Anyways, like most distros these days, Flatpaks show up alongside native packages in the package manager / app store. I used to have a bias towards getting the natively packed version, but these days, I am choosing Flatpaks, precisely because I know they will be the latest version.
This includes Blender, Cura, Prusaslicer, and just now QBittorrent. I know this is probably dumb, but I choose the version based on which has the nicer icon.
For a long time now, if a flatpack is available and maintained, I use it.
I briefly considered getting into Fedora Silverblue, and I still may for this very purpose.
I’m getting into OpenSUSE Aeon (MicroOS desktop) and it’s been really great with Flatpaks and Distrobox. You should consider that one too :)
Sounds dope. I love OpenSuse.

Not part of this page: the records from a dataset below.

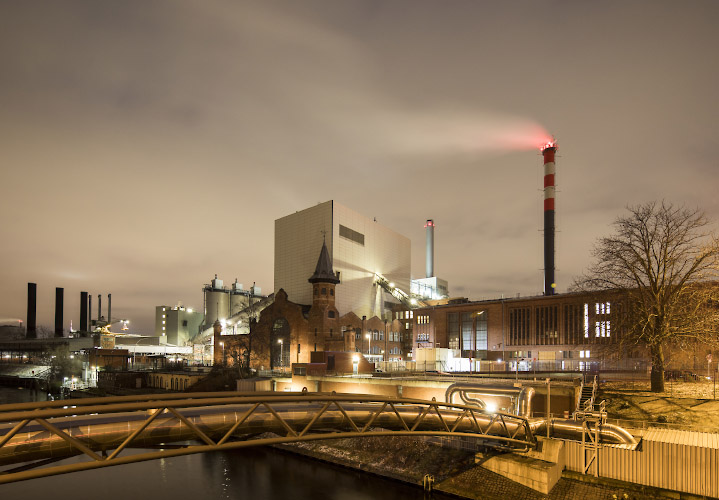 BEW Heizkraftwerk Moabit. Berlin Deutschland. 2019
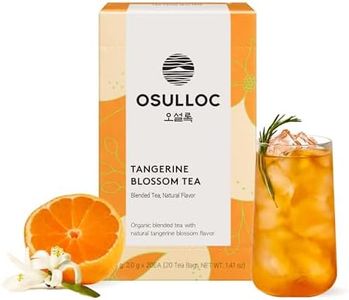 OSULLOC Tangerine Blossom Tea (Refreshing Tangerine Flavor), USDA Certified Organic, Tea Bag Series 20 count, Premium Blended Tea from Jeju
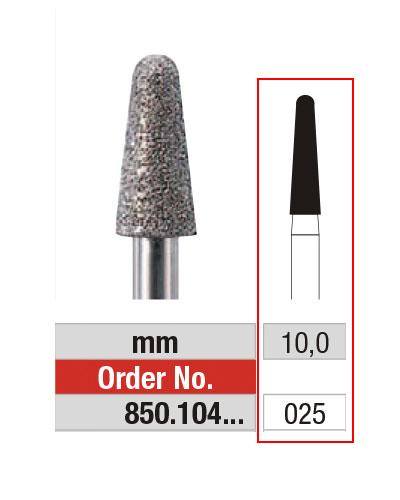 [2E850025] EDENTA® Fraise conique fine en diamant - grain moyen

I almost made it my main OS, but got kicked in the ass installing graphics drivers and the fixes were many and too annoying.

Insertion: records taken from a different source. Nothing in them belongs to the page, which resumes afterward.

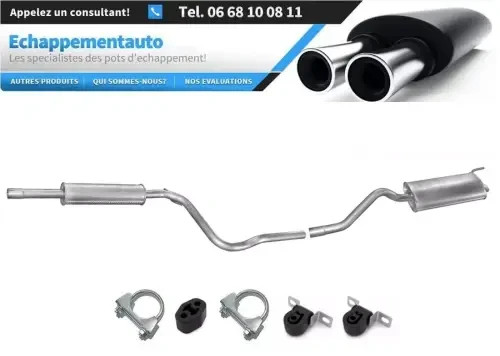Silencieux d'échappement Seat Inca 1.9 D 1.4 1.6 pot de détente arrière de rechange 1995-2003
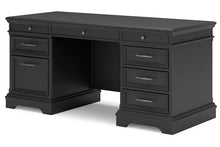Load image into Gallery viewer, 8062 66&quot; Vintage Black Executive Desk $988.00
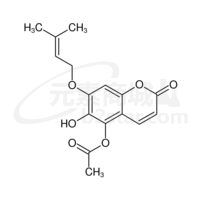 6-hydroxy-7-[(3-methylbut-2-en-1-yl)oxy]-2-oxo-2H-chromen-5-yl acetate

MicroOS. Never head of that. I am excited now.
I had a reasonably good time getting NVIDIA drivers installed. I found the instructions here. I installed the newest drivers using the following command + a reboot.
transactional-update -i pkg in nvidia-driver-G06-kmp-default nvidia-video-G06 nvidia-gl-G06 nvidia-compute-G06 nvidia-utils-G06 nvidia-compute-utils-G06
The OpenSUSE guide doesn’t include compute-utils, which is needed if you want to run nvidia-smi. I haven’t tried installing a full CUDA SDK, so ymmv there.I think I just need to follow the guides more closely. I must have missed something.
If you switch everything you can to flatpaks and use distrobox for other apps you’re pretty close (better than toolbox and recommend layering it if you do switch to Silverblue).
Anything can be layered onto Silverblue if it can’t be installed another way. I’ve found it works well.
Same. Better stability, frequent updates, no building from aur, and permission management with flat seal are great.
If you use mostly flatpaks they share packages which means they don’t take nearly as much space overall as single packages do.
Updates with only downloading diff’s is fast and works well.
I also like them just for the sake of tidiness. Some apps like Steam tend to make a big mess of dependencies all over the place, so it’s nice to have that all contained in one place. It does take up more space but I have a reasonably big hard drive so it’s kind of negligible for me.